***** Material for this exercise *****

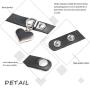 Bodiy Punk Leather Choker Necklaces Black Gothic Love Heart Pendant Necklace Jewelry for Women and Girls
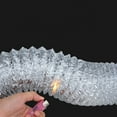 thumbnail image 6 of 4in x 9.8ft Dryer Vent Duct Hose, Flexible Insulated Air Ducting, Vent Hose Aluminum Foil with 2 Clamps for HVAC Ventilation, Black, 6 of 9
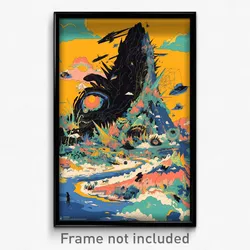 Icelandic Movie Poster - Vivacious Cay (Iceland Retro Film Art Print)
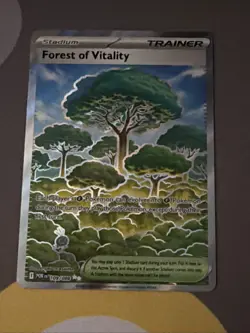 Forest of Vitality Pokemon ME03: Perfect Order POR 109/088 Ultra Rare NM - Image 1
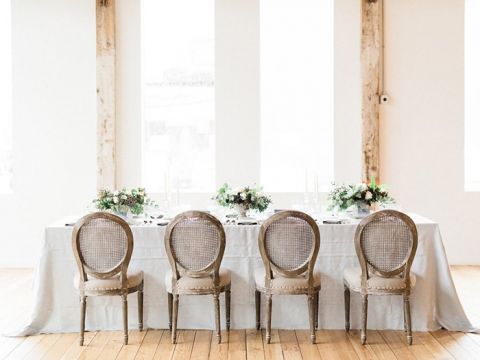 Ethereal Gray Wedding Reception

*****

### What to do
Return the entries above exactly and in full; do not include images.

### Exercise response
 Bodiy Punk Leather Choker Necklaces Black Gothic Love Heart Pendant Necklace Jewelry for Women and Girls
 thumbnail image 6 of 4in x 9.8ft Dryer Vent Duct Hose, Flexible Insulated Air Ducting, Vent Hose Aluminum Foil with 2 Clamps for HVAC Ventilation, Black, 6 of 9
 Icelandic Movie Poster - Vivacious Cay (Iceland Retro Film Art Print)
 Forest of Vitality Pokemon ME03: Perfect Order POR 109/088 Ultra Rare NM - Image 1
 Ethereal Gray Wedding Reception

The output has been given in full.